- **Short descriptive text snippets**

____________

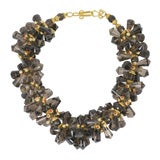 Smokey Quartz Coral Pearl Gold Pinecone Necklace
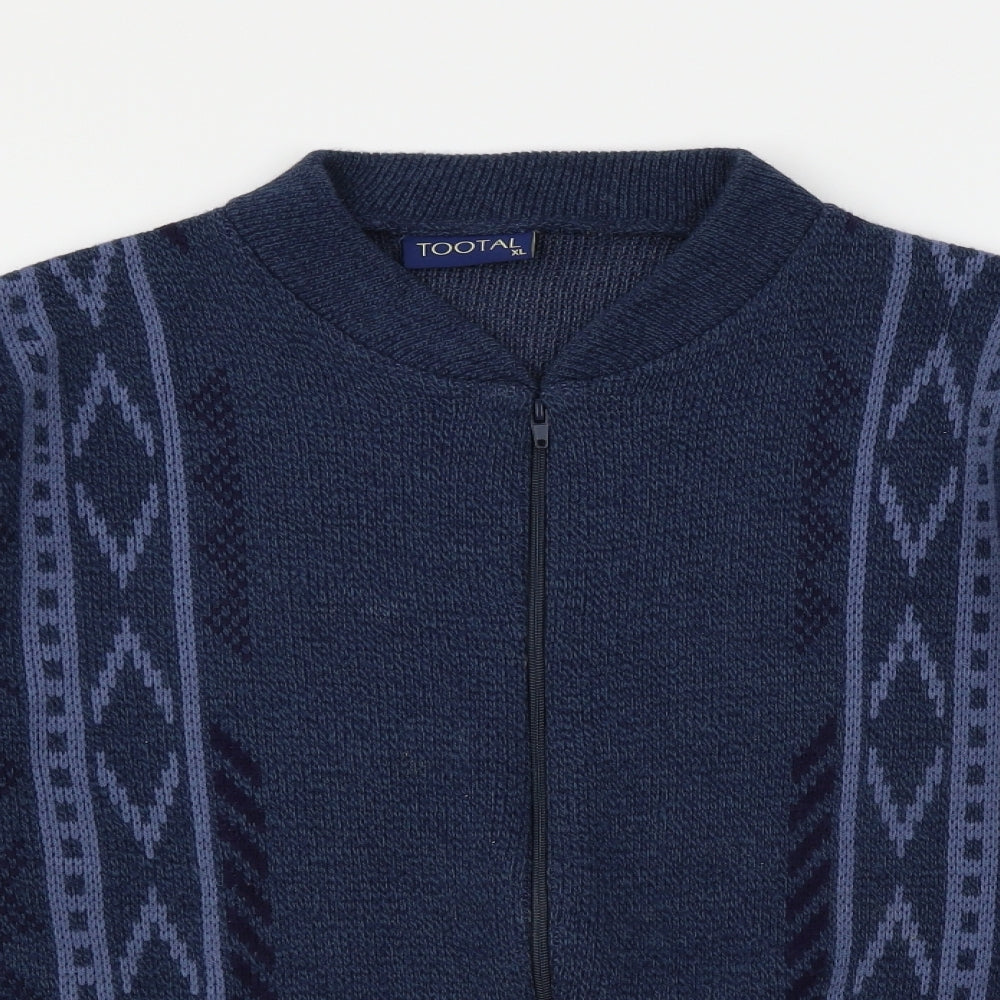Tootal Mens Blue Geometric Knit Cardigan Jumper Size XL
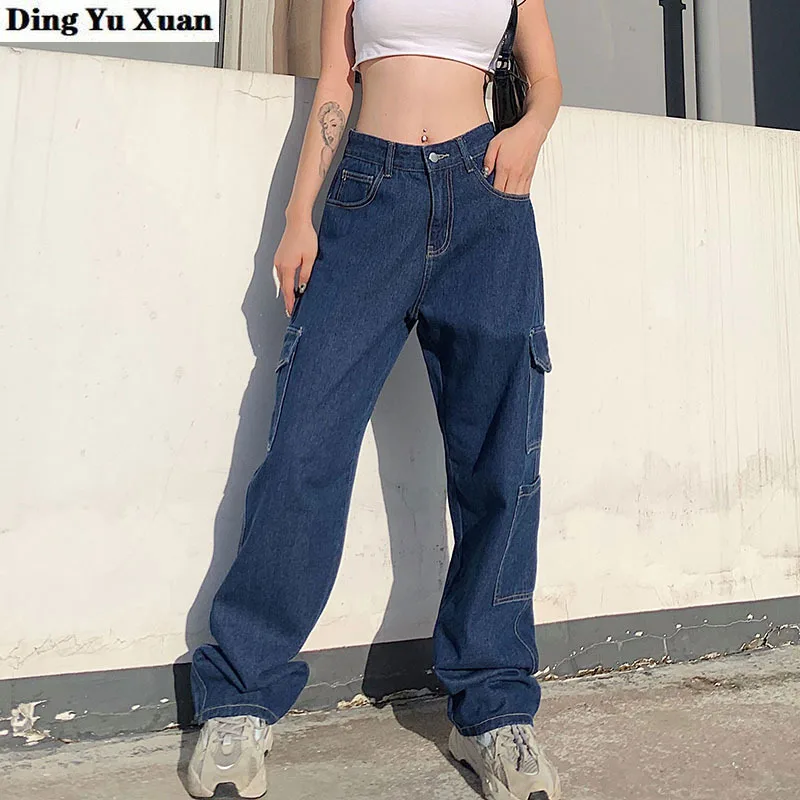 

Womens White Hip Hop Straight Pants Multi Pockets Streetwear Boyfriend Jeans Black Cargo Jean Palazzo Woman Loose Pentalon Denim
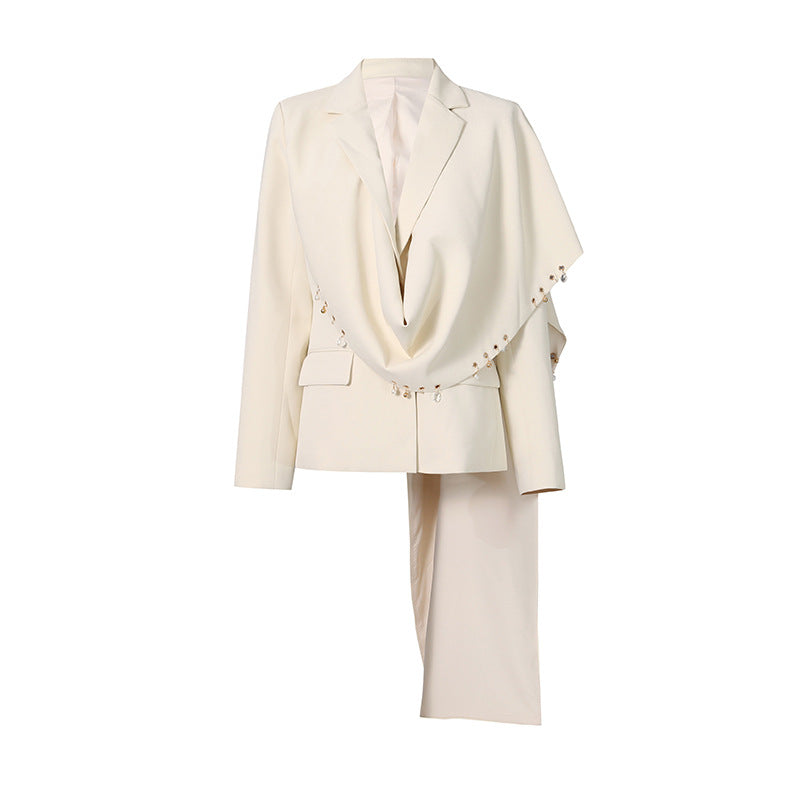 Elegant Metal Ring-Embroidered Design Long-Sleeve Cape Blazer For Women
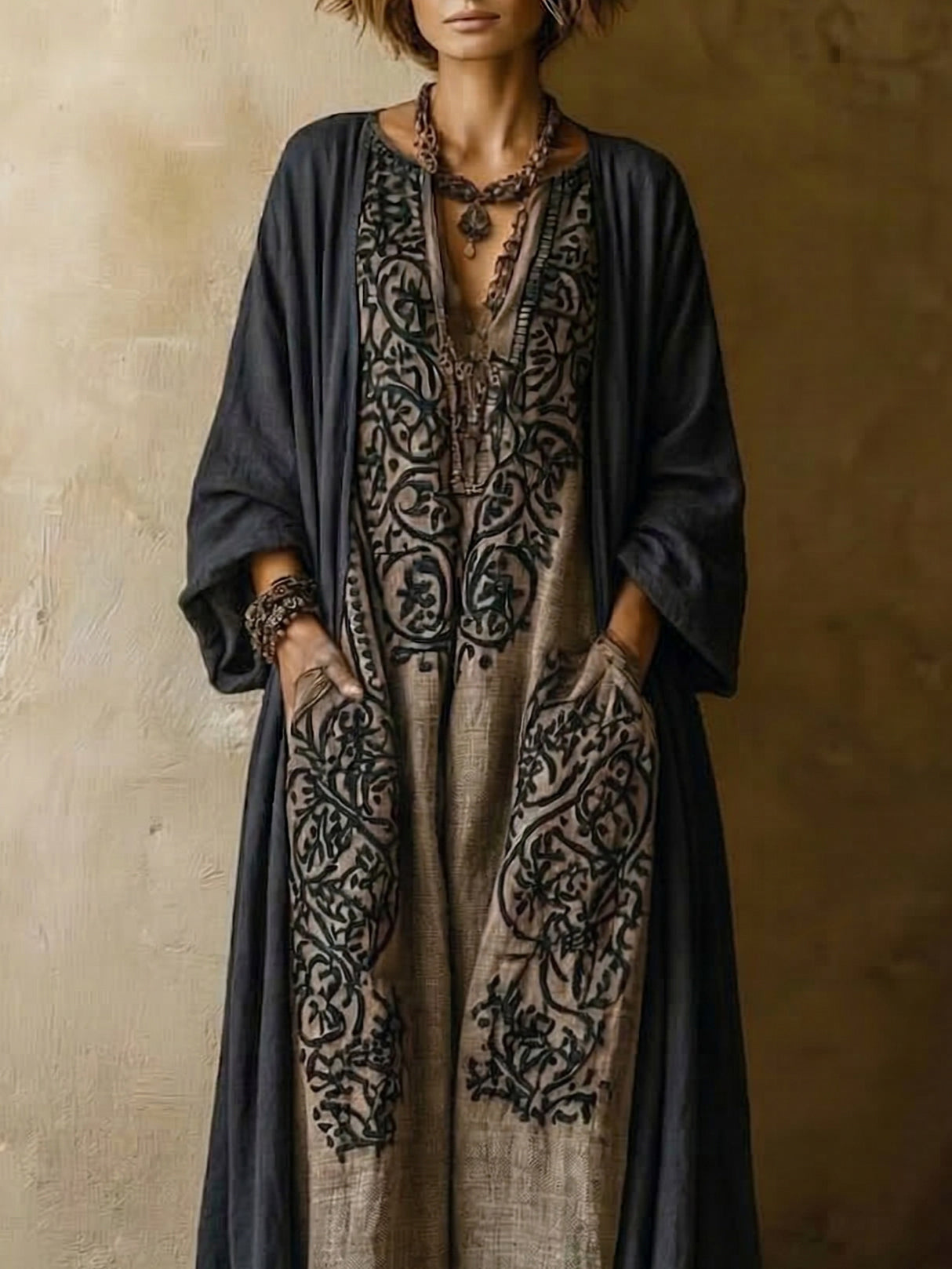 Ensemble deux pièces bohème vintage en coton et lin de Danoir Paris, couleur gris, avec haut et pantalon décontractés.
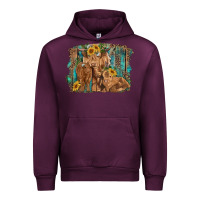 Mauve Wine highland cow family cattle and calf with sunflower and turquoise backg Urban Hoodie - RanaPortraitStore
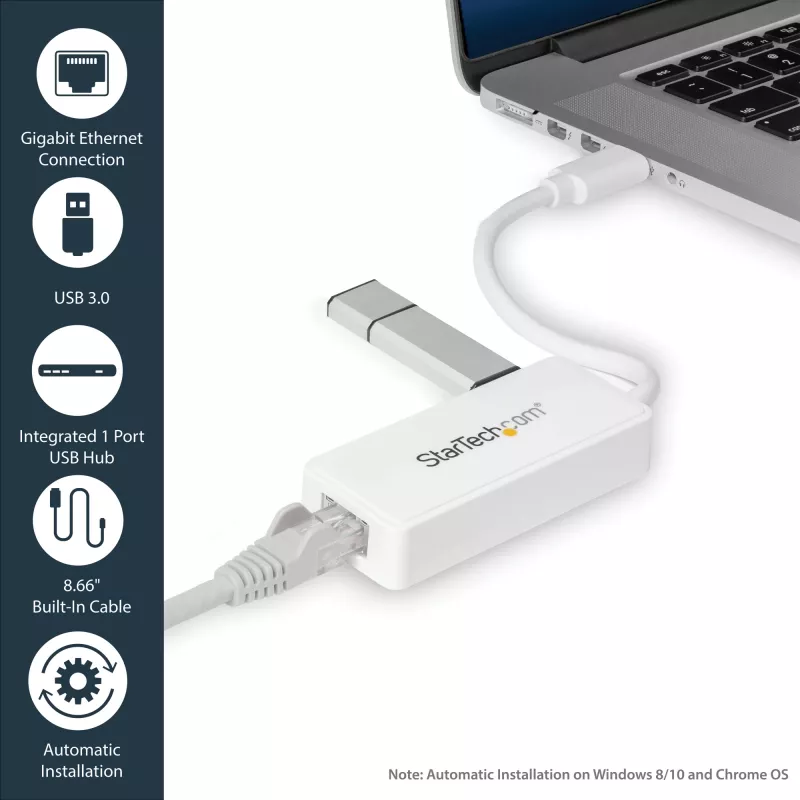StarTech.com USB 3.0 do Gigabit Ethernet Adapter NIC z portem USB - Biały
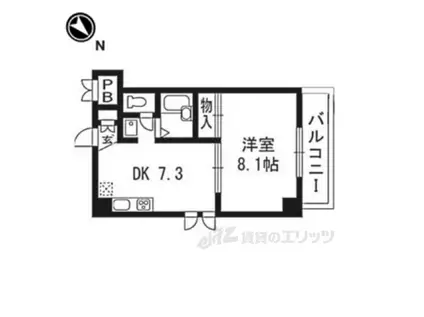 ウエスト(1DK/6階)の間取り写真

____________

- **What to work on**
In the records above, take every line from the opening one through the line with "Ensemble deux pièces" and repeat it exactly; pictures are not part of the copy.

- **Response area**
 Smokey Quartz Coral Pearl Gold Pinecone Necklace
Tootal Mens Blue Geometric Knit Cardigan Jumper Size XL

Womens White Hip Hop Straight Pants Multi Pockets Streetwear Boyfriend Jeans Black Cargo Jean Palazzo Woman Loose Pentalon Denim
 Elegant Metal Ring-Embroidered Design Long-Sleeve Cape Blazer For Women
 Ensemble deux pièces bohème vintage en coton et lin de Danoir Paris, couleur gris, avec haut et pantalon décontractés.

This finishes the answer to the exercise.